The War of 1812 Commemoration at Liberty Hall begins with February Teas at noon Thursday and Friday.
My parents are big fans of visiting historic places and listening to classical music. So, vacations for us as a family usually included those, often combined into one trip. Among the historic places we visited was Niagara-on-the-Lake, Ontario, Canada. There we saw Fort George and I learned that it was an important site during the War of 1812.
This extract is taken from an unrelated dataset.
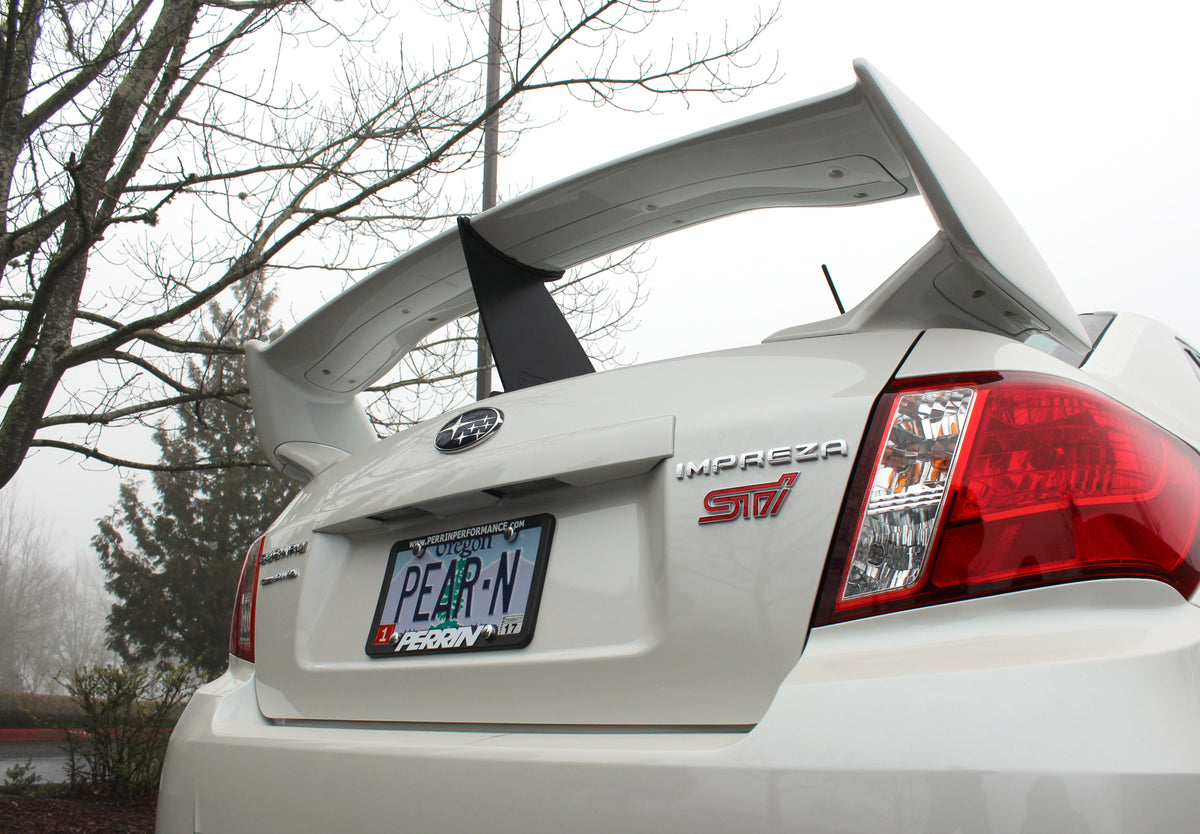 PERRIN Wing Stabilizer in Black (Sedan Only) for 2011-2014 Subaru STI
At the same age, my parents took me to outdoor symphony performances, frequently on July 4th. At those performances the finale was always Tchaikovsky’s “1812 Overture,” a majestic piece complete with cannons firing. I knew that the song had to do with a war, a war that happened in 1812. And thus, I believed, the “1812 Overture” celebrated the War of 1812. I am willing to bet that many of you thought the same thing; we were wrong.
I learned that Fort George was involved in the War of 1812, which was between the United States and England (though as a resident of the Great Lakes region, I understood it as the U.S. vs. Canada).
The fort was captured by the Americans in May 1813, and used as a headquarters for an ill-conceived attempt to take over British Canada. Tchaikovsky’s “1812 Overture” dealt with a completely different war, halfway around the world. The musical piece celebrates the Russian army’s defense of Moscow against the invading forces of Napoleon in 1812.
It is easy to understand how my mistake might come about. The War of 1812 is often misunderstood, and it doesn’t seem as important in the American psyche as the American Revolution, Civil War, World War II, or even Vietnam. In fact, it is often considered America’s “forgotten war.”
Second War of Independence
The War of 1812 is really America’s “Second War of Independence.” Fought against England, its goal was for Americans to be recognized as citizens of America, not England. Fighting on battlefields from Canada to New Orleans, from the Chesapeake Bay to the Illinois Territory, many American soldiers and sailors lost their lives, but in the end, America held its own against the much mightier British forces.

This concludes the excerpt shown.